Journal de l’Institut Curie

 

Au départ du projet KDOG, une idée en apparence simple : utiliser l'odorat subtil du chien pour mettre au point un dépistage précoce et peu coûteux du cancer du sein. « Nous avons apporté la preuve de concept, s'enthousiasme Isabelle Fromentin, infirmière à l'Institut Curie, docteur en sciences et responsable du projet. Des chiens entraînés peuvent discriminer des compresses imprégnées de sueur provenant de patientes ou de femmes indemnes. »Si le tout  premier essai clinique a été interrompu, faute à ce jour d'une sensibilité suffisante pour du diagnostic, les données produites promettent  d'être très informatives.
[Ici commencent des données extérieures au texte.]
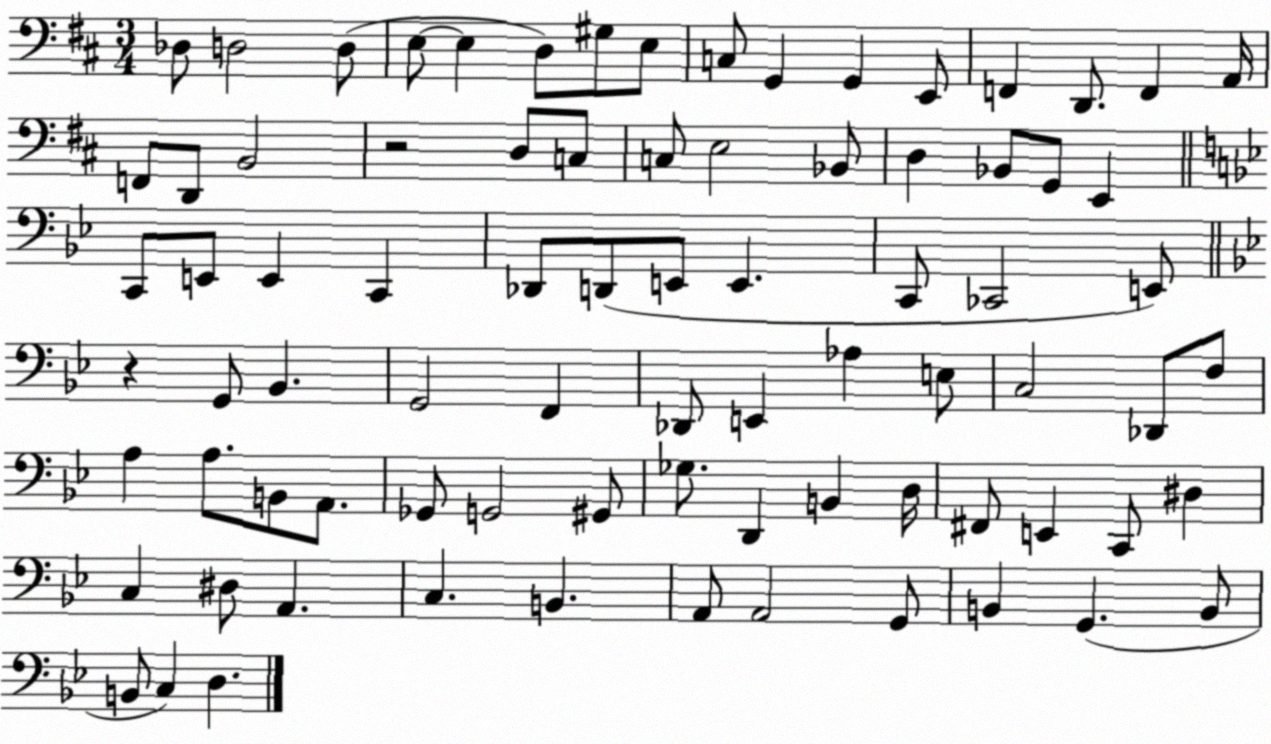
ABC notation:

X:1
T:Untitled
M:3/4
L:1/4
K:D
_D,/2 D,2 D,/2 E,/2 E, D,/2 ^G,/2 E,/2 C,/2 G,, G,, E,,/2 F,, D,,/2 F,, A,,/4 F,,/2 D,,/2 B,,2 z2 D,/2 C,/2 C,/2 E,2 _B,,/2 D, _B,,/2 G,,/2 E,, C,,/2 E,,/2 E,, C,, _D,,/2 D,,/2 E,,/2 E,, C,,/2 _C,,2 E,,/2 z G,,/2 _B,, G,,2 F,, _D,,/2 E,, _A, E,/2 C,2 _D,,/2 F,/2 A, A,/2 B,,/2 A,,/2 _G,,/2 G,,2 ^G,,/2 _G,/2 D,, B,, D,/4 ^F,,/2 E,, C,,/2 ^D, C, ^D,/2 A,, C, B,, A,,/2 A,,2 G,,/2 B,, G,, B,,/2 B,,/2 C, D,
Et KDOG poursuit son chemin précurseur : « C'est un projet global, qui vise à établir un socle de connaissances scientifiques dans ce domaine nouveau. Les études en cours sont destinées à optimiser les matériaux pour capter les odeurs, améliorer la conservation de ces dernières, définir le seuil de détection par les chiens ou mesurer l'acceptabilité d'un diagnostic posé par l'animal. En 2023, il est prévu de réitérer une étude pilote, cette fois à partir des urines qui contiennent moins de contaminants extérieurs que la sueur. Nous cherchons aussi à identifier la signature olfactive chimique du cancer du sein, avec possiblement à terme la mise au point d'un détecteur (« nez ») électronique. »

Isabelle Fromentin de conclure : «  notre espoir ? Réduire les inégalités d'accès au dépistage et proposer un choix alternatif à la mammographie. Et pourquoi pas, étendre les applications au dépistage d'autres cancers.